Şimdi bunlar yarışa yarışa savcılığa giderek suç duyurusunda bulundular. Orada çok masum, çok insani, çok vicdani, çok ahlaki, çok dürüst bir iş yapılmış da biz bütün bunlara aykırı olarak insani, İslami, vicdani etik olmayan şeyleri söylemişiz gibi bizi şikayet ettiler.
Düzce Valiliği inceledi konuyu, Arapçiftliği Muhtarı Muhammer Ceylan şu anda Cumhuriyet Savcılığında görevi kötüye kullanma gibi birkaç tane sebepten dolayı yargılanmaya başladı.

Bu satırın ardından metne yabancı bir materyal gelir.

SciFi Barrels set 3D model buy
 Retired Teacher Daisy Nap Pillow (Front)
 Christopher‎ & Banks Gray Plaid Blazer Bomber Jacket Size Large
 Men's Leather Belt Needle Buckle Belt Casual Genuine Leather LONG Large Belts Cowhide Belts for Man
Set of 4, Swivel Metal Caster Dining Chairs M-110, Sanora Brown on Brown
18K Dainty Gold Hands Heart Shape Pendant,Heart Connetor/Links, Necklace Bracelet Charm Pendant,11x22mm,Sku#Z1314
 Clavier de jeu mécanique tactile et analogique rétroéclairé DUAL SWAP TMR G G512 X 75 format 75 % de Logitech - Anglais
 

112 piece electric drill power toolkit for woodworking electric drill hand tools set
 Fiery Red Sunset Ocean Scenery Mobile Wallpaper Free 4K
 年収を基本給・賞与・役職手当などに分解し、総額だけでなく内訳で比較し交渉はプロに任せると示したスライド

Şimdi Savaş Arı’yı bizim haber merkezimizden vermiş. Ege asfaltın maden sahasının kapatıldığı iddiası başlığı altında yazılan haberde şöyle var böyle var yakın zamana kadar aldığı araba ve işyeri acaba dedirtti başlığı altında yapılan haberden dolayı Muhammer Ceylan bizi savcılığa vermiş. E sen camide namaz kılıyordun da biz meyhaneden çıkıyor diye mi yazdık seni muhtar?
BOŞALTTI DOLDURDU, MUAMMER CEYLAN YARGILANIRKEN ÜZEYİR YİĞİT VE DİĞERLERİ NE OLACAK?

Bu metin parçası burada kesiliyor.